Permalink
Fetching contributors…
Cannot retrieve contributors at this time
380 lines (302 sloc) 17.9 KB

LillyDAP (Little LDAP)

LillyDAP logo

LDAP is protocol for data communication, with rich semantics for data modelling, security and database administration. But implementations of LDAP start off from a notion of data storage, but are not ideal for handling dynamic data. LillyDAP was designed to change that.

See also:

Introduction

Most of today's developers focus solely on HTTP to carry their data definitions. This even happens when LDAP would be a better carrier, which it usually is because of its richer and finer-grained syntax and semantics.
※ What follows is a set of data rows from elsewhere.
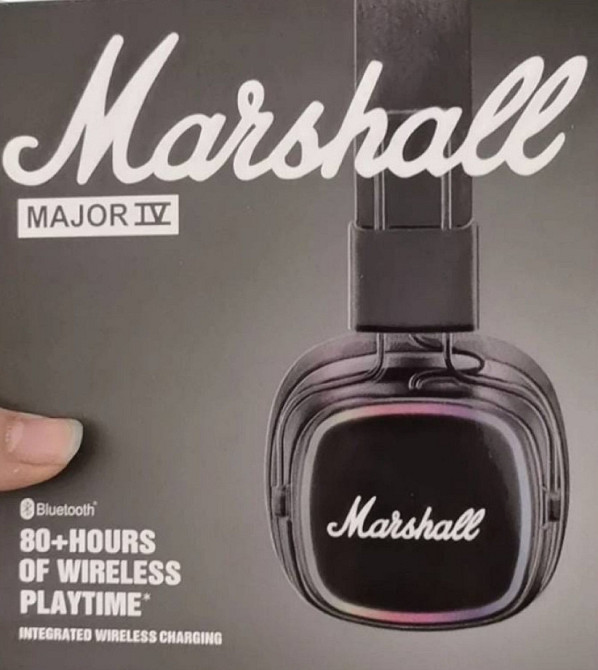 Наушники маршал (marshal) Киев - изображение 3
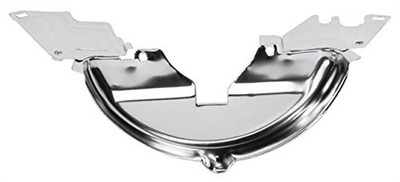 Empi Chrome Lower Pulley Engine Tin for VW Beetle - 8960
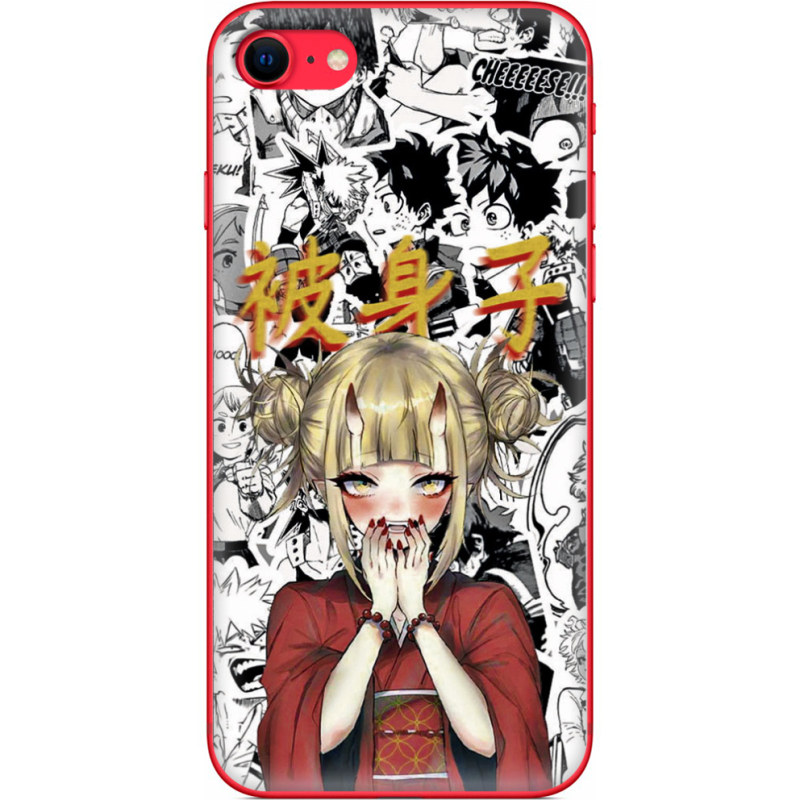 Чехол BoxFace Apple iPhone SE (2020) Himiko Toga - My Hero Academia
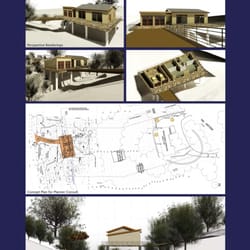 Zilles Architecture Group - Innovative Concept for a Sustainable Guesthouse in Owner Restored Oak Woodlands
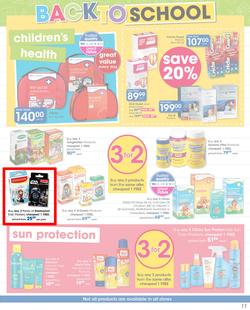 Clicks : The Sale (25 Dec - 8 Jan 2018), page 11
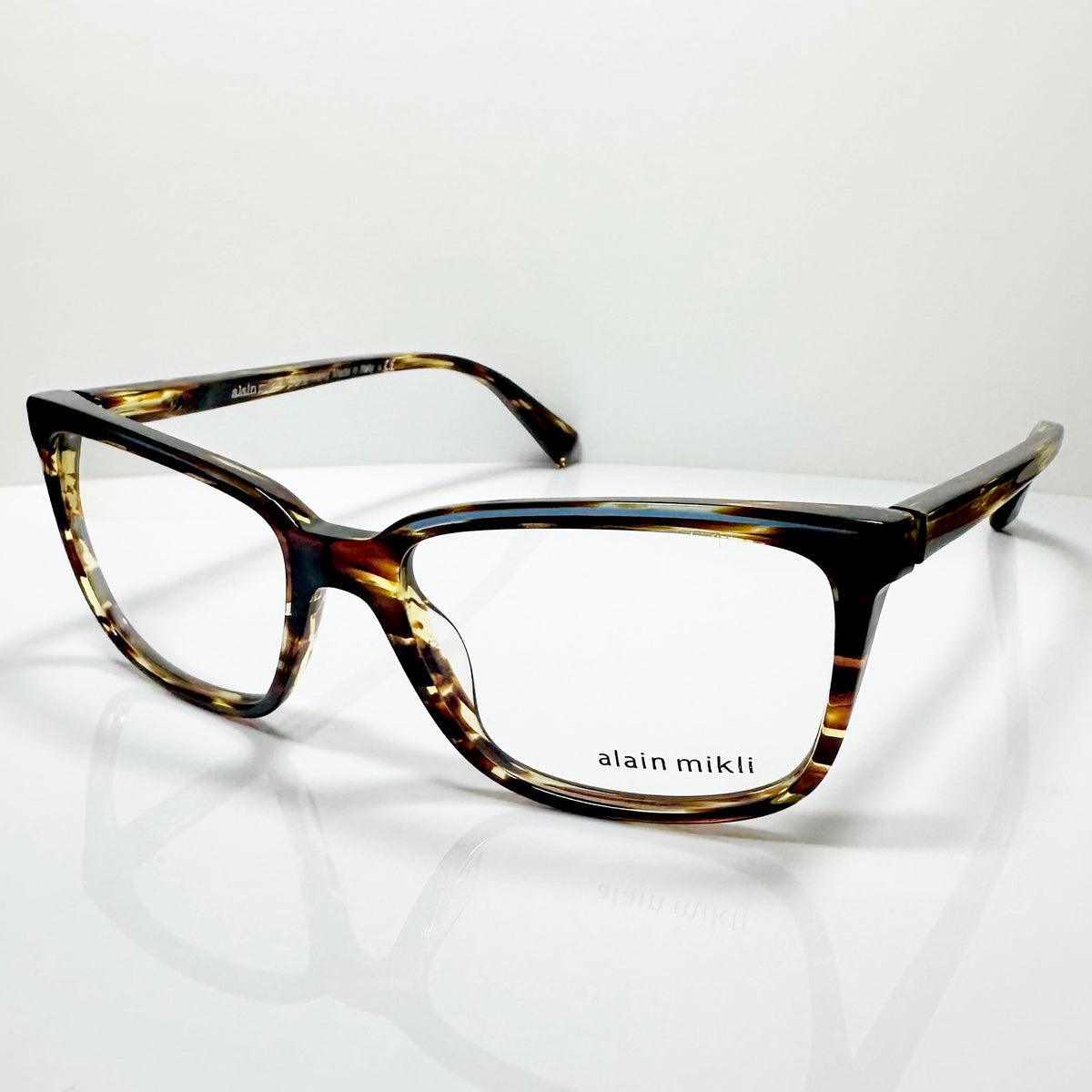 Alain Mikli  A03079 001 Men Eyeglasses Frame NEW Authentic with case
But this isn't just about standards; it's also about the technology implementing it. The most well-known open source directory is OpenLDAP, and there are others like 389ds and ApacheDS. All these solutions are storage-centric, though they add dynamicity options through mechanisms like overlays and stored procedures with triggers. In all cases, dynamicity is a bit of an afterthought, storage is central and there is only limited facilitation for dynamicity.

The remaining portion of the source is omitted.